The demo took place at an airplane hanger at Otis Air National Guard Base, in Cape Cod, Massachusetts. The drone in that video is a supercharged DJIFlamewheel 450. The FLA program, which DARPA launched in December of 2014, isn’t looking for new platforms so much as for new algorithms to help smaller drones fly better, on their own, and without GPS. The recent test confirmed that the platform could hit those speeds. One of the three research teams also used the test as an opportunity to show that their drone could do a bit of navigating and maneuvering around objects on its own, albeit not that fast.
“The fact that some teams also demonstrated basic autonomous flight ahead of schedule was an added bonus," DARPA program manager Mark Micire said in a statement. “The challenge for the teams now is to advance the algorithms and onboard computational efficiency to extend the [unmanned aerial vehicles’] perception range and compensate for the vehicles’ mass to make extremely tight turns and abrupt maneuvers at high speeds.”
But why does the military need fast-flying bird-robots?
“Military teams patrolling dangerous overseas urban environments and rescue teams responding to disasters such as earthquakes or floods currently can use remotely piloted unmanned aerial vehicles (UAVs) to provide a bird’s-eye view of the situation, but to know what’s going on inside an unstable building or a threatening indoor space often requires physical entry, which can put troops or civilian response teams in danger,” DARPA wrote in a press release.
“The program seeks to develop and demonstrate autonomous UAVs small enough to fit through an open window and able to fly at speeds up to 20 meters per second (45 miles per hour), while avoiding objects within complex indoor spaces independent of communication with outside operators or sensors and without reliance on GPS.”
In other words, the tiny drones have to not only fly fast, but display some very rudimentary understanding of where they are going.
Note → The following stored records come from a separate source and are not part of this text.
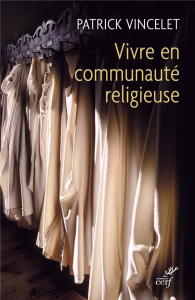Vivre en communauté religieuse - Vincelet Patrick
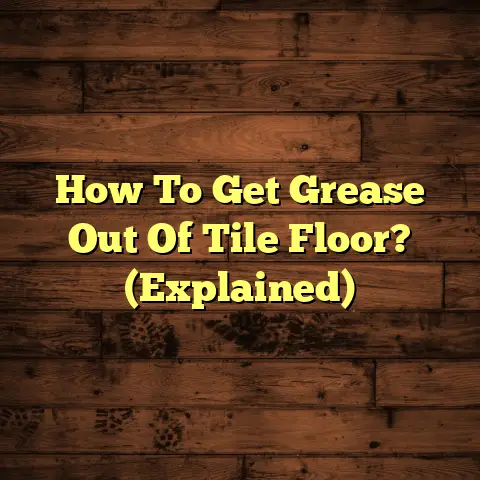 How To Get Grease Out Of Tile Floor? (Explained)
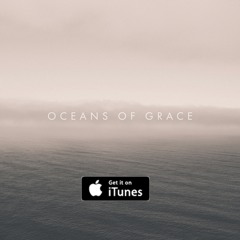 Oceans of Grace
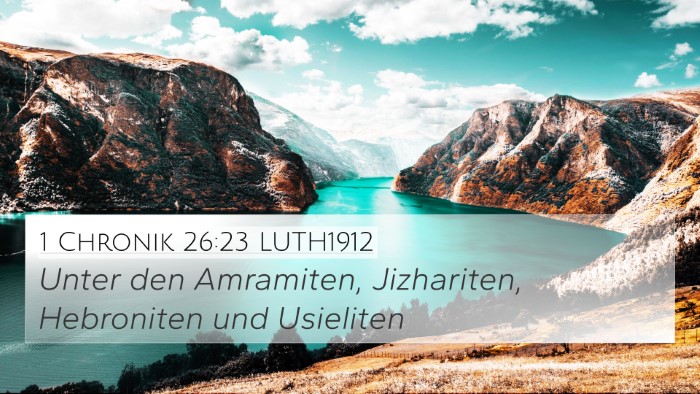 1 Chronik 26:23 LUTH1912 4K Wallpaper - Unter den Amramiten, Jizhariten, Hebroniten und - 4K Wallpaper Bible Verse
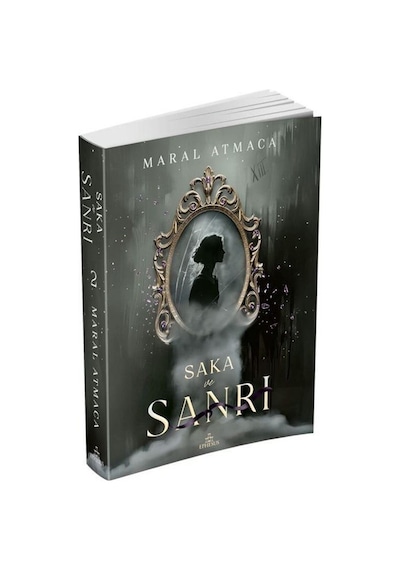 Saka Ve Sanrı 2 / Maral Atmaca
That’s no easy technological feat, as a group of NASA and IEEE scientists write in this paper titled “Towards Autonomous Navigation of Miniature UAV.“
“A major algorithmic challenge is to process sensor information at high rate to provide vehicle control and higher-level tasks with real-time position information and vehicle states,” the group wrote. As micro rotorcrafts can only carry a few grams of payload including batteries, this has to be accomplished with a very small weight and power budget.”
The smaller the frame, the harder it is to fit a computer on it that can crunch all of the video data that the machine needs to fly—if it’s not going to fly without GPS or remote guidance.
The recent demonstration shows the feasibility of that goal.